Ironically, the best performing trades of 2022 are now unwinding into year-end. I am of course referring to the inflation trades led by oil/commodities, and energy sector stocks. 

Inflationists have informed us all year that inflation is NOT transitory. The Fed believed them. Now the inflation trade is collapsing like a cheap tent. To be followed by CPI on a lagged basis.

At minimum, we need to more accurately define the term "transitory" - Is it days or weeks? Because it's clear this society has not even the slightest ability to differentiate between long-term secular inflation and cyclical end of cycle inflation.

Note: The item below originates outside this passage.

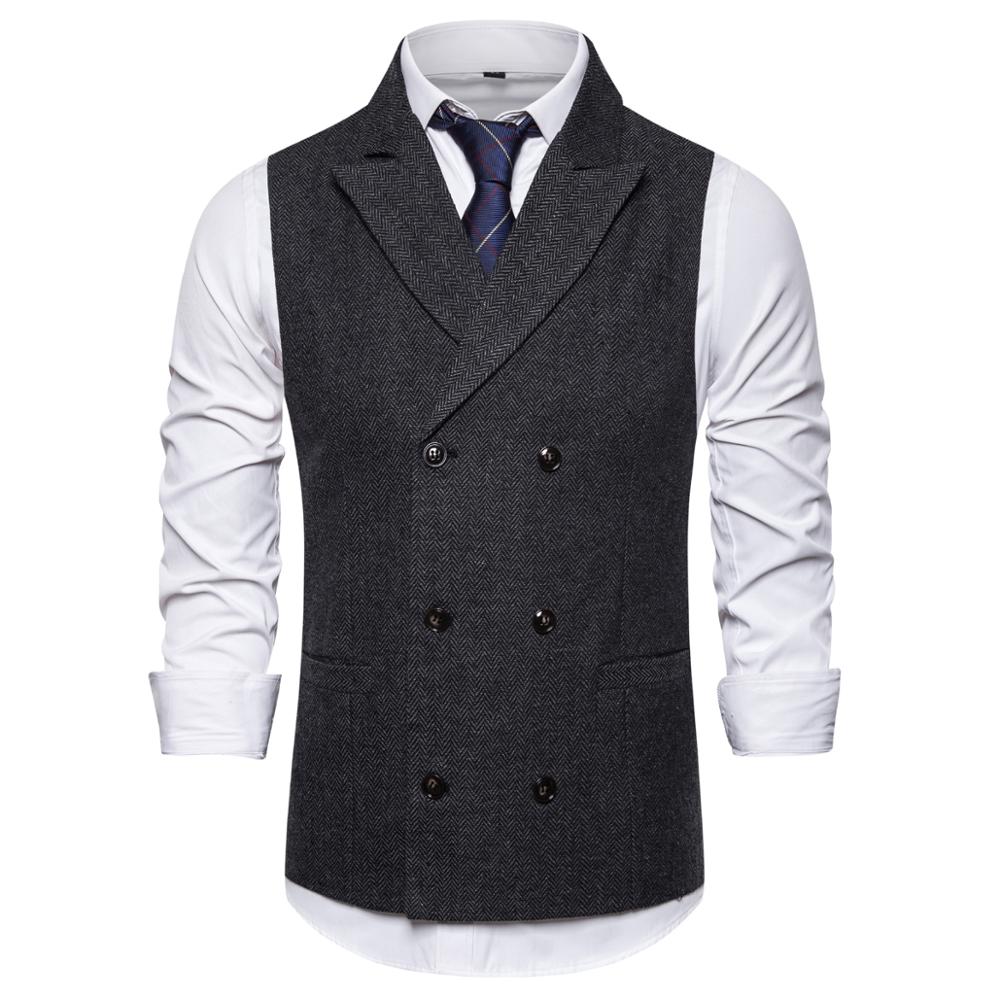 Men's Classic Slim Fit Chain Vest Brand Double Breasted Vest Waistcoat Men Wedding Business Casual Tuxedo Vests Gilet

Soon, even the most dim witted observer will realize this is not 1980. Too late.

The inflation trade was nothing more than yet another Ponzi trade wherein the only winners were first in and first out. 






All of which means that the next market/economic bailout is science fiction. The Fed is caught between a rock and a hard place. Any effort to "normalize" rates will cause more economic damage and require more rate buffer to offset the downside. If they pivot sooner than later, then they lack adequate rate buffer to offset depression. 

Back in 2015, the Fed collapsed global markets mid-year, led down by China. Then markets rallied back into the end of the year. So the Fed tightened and caused the next leg lower. 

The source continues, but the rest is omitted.